養育費算定・不払い対策

子どもの「学習塾代・予備校代・習い事費用」は養育費へ上乗せ請求できるか

大阪弁護士会所属 弁護士 井上正人 監修

【本記事の監修者】
弁護士 井上 正人(大阪弁護士会所属 / 登録番号:第43449号 / 弁護士法人 夕陽ヶ丘法律事務所 代表弁護士)
※本記事は、民法第763条(協議離婚)、第770条(裁判離婚)、第768条(財産分与)、2026年改正民法(共同親権・法定養育費)の規定および多数の離婚・親権・財産分与の実務実績に基づきわかりやすく解説しています。

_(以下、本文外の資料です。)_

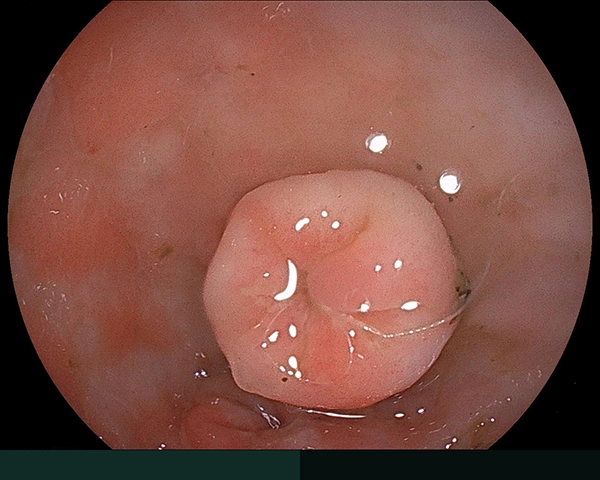 内視鏡症例画像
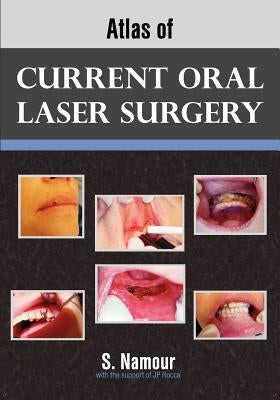 Atlas of Current Oral Laser Surgery by Namour, S.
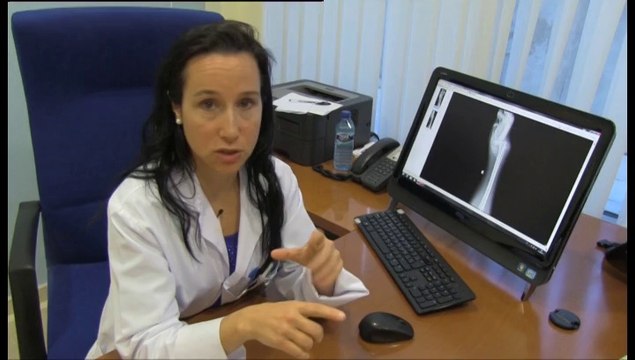 La artritis reumatoide en las manos de mujer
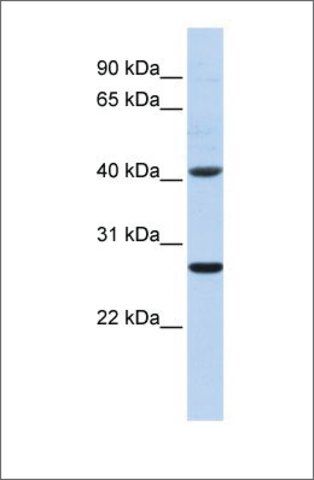 Anti-GSTM5 antibody produced in rabbit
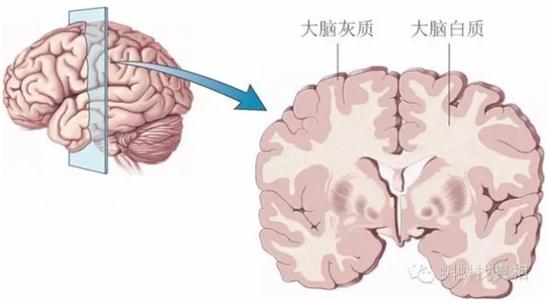 简直太惊悚 玩手机上瘾竟会导致脑萎缩?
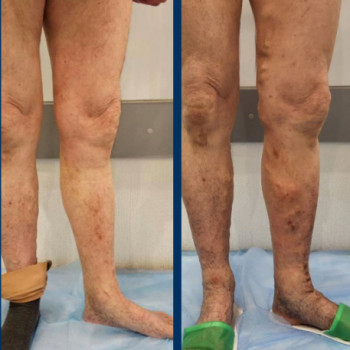 Дмитрий Рябущенко, Харьков Фото - 5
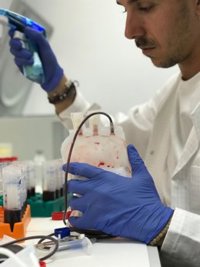 Investigadores de Ibima desarrollan metodología para el diagnóstico precoz de cáncer de mama con una muestra de sangre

Q: 子どもの「学習塾代・予備校代・習い事費用」は養育費へ上乗せ請求できるか
A: 結論から申し上げますと、標準的な養育費の金額には、公立中学校や公立高校に通うことを前提とした基本的な学校教育費が含まれているため、高額な学習塾代や私立学校の学費、特別な習い事費用は原則として含まれません。しかし、夫婦間で事前に合意していた場合や、双方の収入(資力)やこれまでの生活水準に照らして合理的・必要不可欠と認められる場合には、養育費への上乗せ請求が認められる可能性があります。夕陽ヶ丘法律事務所では、具体的な資力や過去の実績に基づいた交渉をサポートします。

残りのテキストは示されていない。